Financial Planning Statement of Net Worth

The second useful financial planning report is the Statement of Net Worth (the first being the Statement of Cash Flows).

This financial planning statement is used to determine the financial health of a individual or family by calculating total financial assets and liabilities. The information obtained from these two financial planning reports allows us to track the accumulation and distribution of assets and debt over time and adjust our plan in order to meet our goals and objectives. Your net worth is a good barometer of your entire financial situation.

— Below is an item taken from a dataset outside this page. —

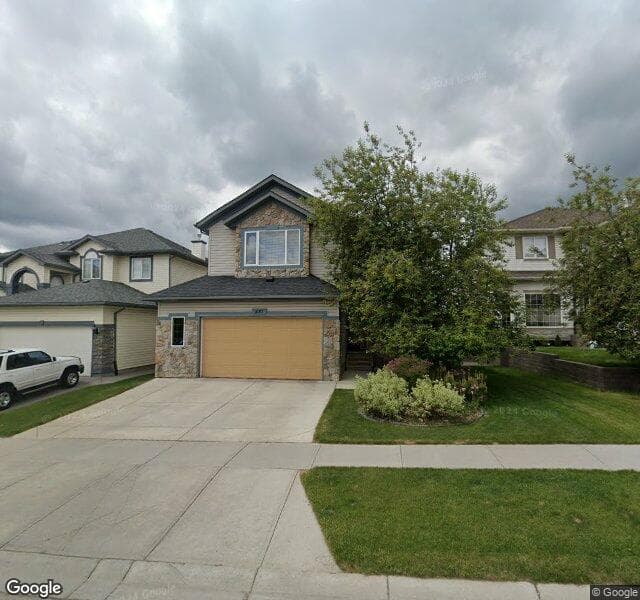 Street view of 487 Rocky Ridge Drive NW, Calgary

Statement of Net Worth (Balance Sheet)

The Statement of Net Worth measures our assets relative to our liabilities. Net worth is calculated by taking the value of all of our assets and subtracting our debts, loans, etc. This shows the value of our assets we would have left after we pay all of our debts.

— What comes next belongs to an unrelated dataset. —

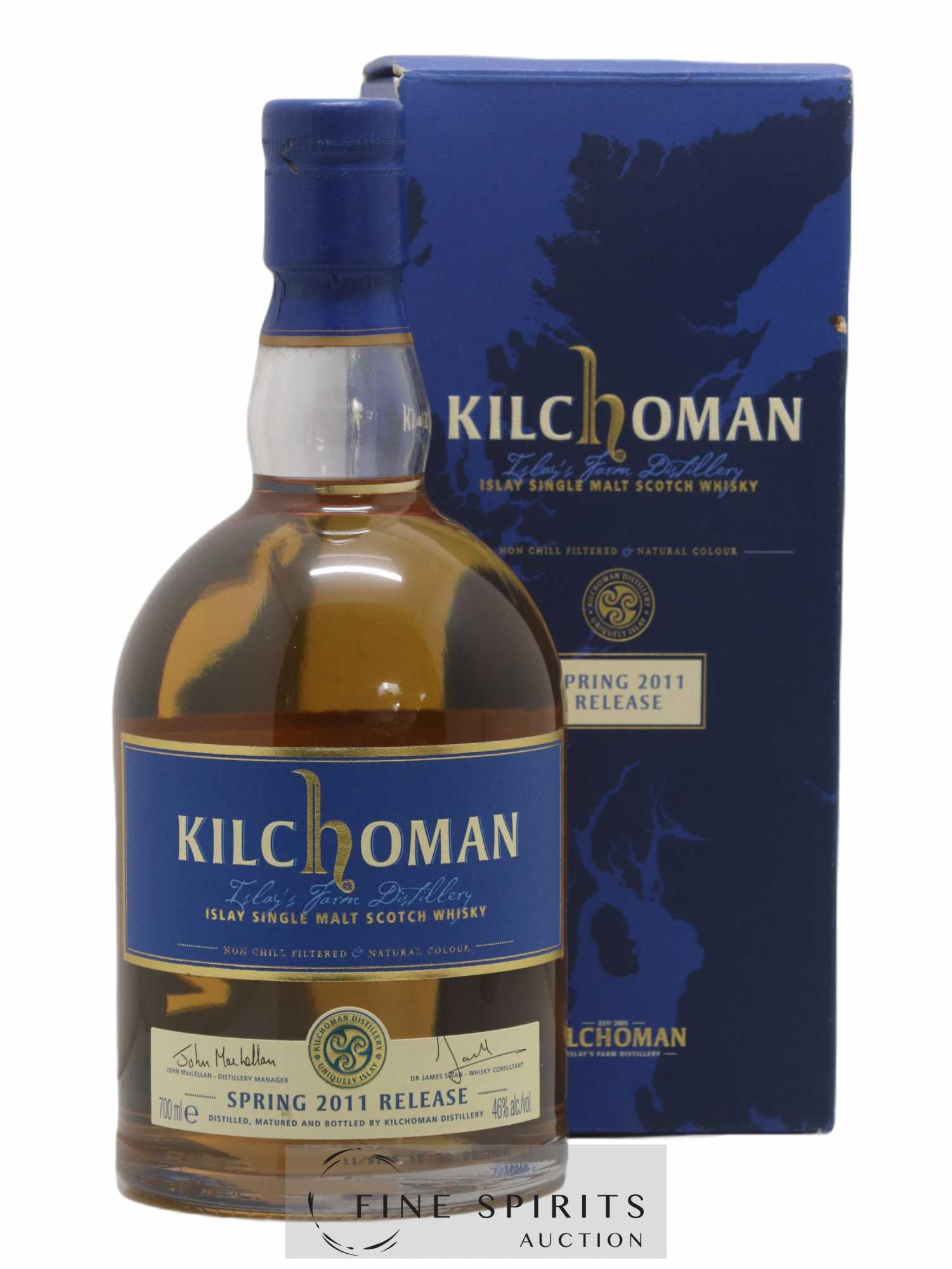 Kilchoman Of. Spring 2011 Release - Posten von 1 Flasche - 0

In the best case scenario, we would have more assets than liabilities, thus our net worth would be positive. A negative net worth signals that we have more debt than assets. This is to be expected when a family is young, however moving towards retirement we should focus on having a less debt than assets.

Organizing Net Worth Data

To start calculating your net worth, you will need to determine the fair market value (FMV) of all of your assets and liabilities. You will be able to find this information from your tax records, bank statements, brokerage accounts, etc. Once you have all of the following data, add to gather all of your assets and liabilities separately.

  • Cash and Equivalents
  • Certificate of Deposits
  • Treasury Bills
  • Insurance Cash Value
  • Stocks
  • Bonds
  • Mutual Funds
  • 401k and IRAs
  • Pensions
  • Business Equity
  • Real Estate
  • Vehicles
  • Current Bills
  • Credit Cards
  • Installment Loans
  • Mortgage
  • Life Insurance Loans
  • Car Notes
  • Qualified Plan Loans
  • Margin Loans
  • Personal Lines of Credit

Net Worth Planning and Analysis

At this point you should have totaled all of your assets and liabilities. Once that is complete, simply subtract your liabilities from your assets. What’s left is your net worth (negative or positive).

In order to improve your net worth you will need to ensure that your annual cash inflows exceed your outflows. This can be accomplished by sticking to your budget and making an effort to systematically save money. Another way to improve your net worth is to avoid unnecessary debt such as credit cards and unneeded vehicles. As mentioned earlier, the older you get (paying off mortgage, student loans, etc.) the faster your net worth should improve.

By creating a Statement of Net Worth and Cash Flows you will be able to have a good sense of your financial situation. Once you have implemented your financial plan you should recalculate these two statements on an annual basis. This will allow you to measure your progress and help determine areas where you need a little more attention.